Drollet returned to Paris in late 1964 to discuss French Polynesian finances, and to negotiate the price that France would pay for the use of the atolls. During this visit, he had a private meeting with de Gaulle, after which he proposed that the atolls be given to France in perpetuity, free of charge. He initially claimed that de Gaulle had appealed to his patriotism; however, in 2005, he testified before a public inquiry held by the Territorial Assembly, and said that de Gaulle had threatened to declare all of French Polynesia a "strategic military territory" (Note: "Territoire stratégique militaire") and impose a military government.

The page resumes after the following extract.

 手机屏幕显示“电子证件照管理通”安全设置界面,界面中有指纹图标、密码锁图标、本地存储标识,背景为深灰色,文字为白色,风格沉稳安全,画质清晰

On 6 February 1964, Drollet chaired the meeting of the Assembly's permanent commission at which the proposal to give the atolls to France was approved, by a vote of 3–0 with 2 abstentions. He later said that he hoped France would never forget what Polynesia had done. (Note: "en espérant que jamais la France n'oublierait le service que nous le rendions sur ce plan (...) en espérant que la France ne nous oublierait pas.") In September 1966, de Gaulle invited Drollet to be present at the Bételgeuse test.

==Later life and legacy==

Drollet spent 15 years as the director of the Territorial Education Service ("Service de l'Education Territorial"). In this role, he pioneered the use of Tahitian as a language of instruction, and in 1965, he established French Polynesia's first kindergarten ("école maternelle").

In 1972, in collaboration with Yoshihiko Sinoto, and at the encouragement of Marlon Brando, Drollet "establish[ed] an archaeological field school" for the exploration of sites on Teti'aroa, which Brando had recently purchased. As well, he served as the administrator of the Austral Islands for three years, and as chairman of the board of directors of the Office of Tourism. He was a co-founder of the airline Air Polynésie; in 1985, when Air Polynésie acquired the former Air Tahiti and took the subsidiary's name, he was one of only two Polynesians on the company's board of directors. He also co-founded the Socredo bank.

==Personal life==
Drollet was the father of Dag Drollet, who was romantically involved with Cheyenne Brando, daughter of Marlon Brando—and who in 1990 was killed by Christian Brando, Marlon Brando's son. In the aftermath of Christian Brando's conviction for manslaughter, Drollet threatened to have Marlon Brando arrested if he ever returned to French Polynesia. He was also the uncle of French Polynesian politician Jacqui Drollet.

Drollet's brother-in-law was Jacques Tauraa.

==Recognition==
Drollet was an Officer of the Legion of Honour, a Commander of the Ordre des Palmes académiques, and a Commander of the Order of Tahiti Nui.

French Polynesian author Chantal Spitz's 1991 novel L'Île des rêves écrasés, about the beginning of nuclear testing in French Polynesia, includes a corrupt politician named "John Prallet", who voluntarily offers the (fictional) islet of Ruahine to France. Literary scholar Anaïs Maurer has called Prallet a "faintly veiled caricature" of Drollet.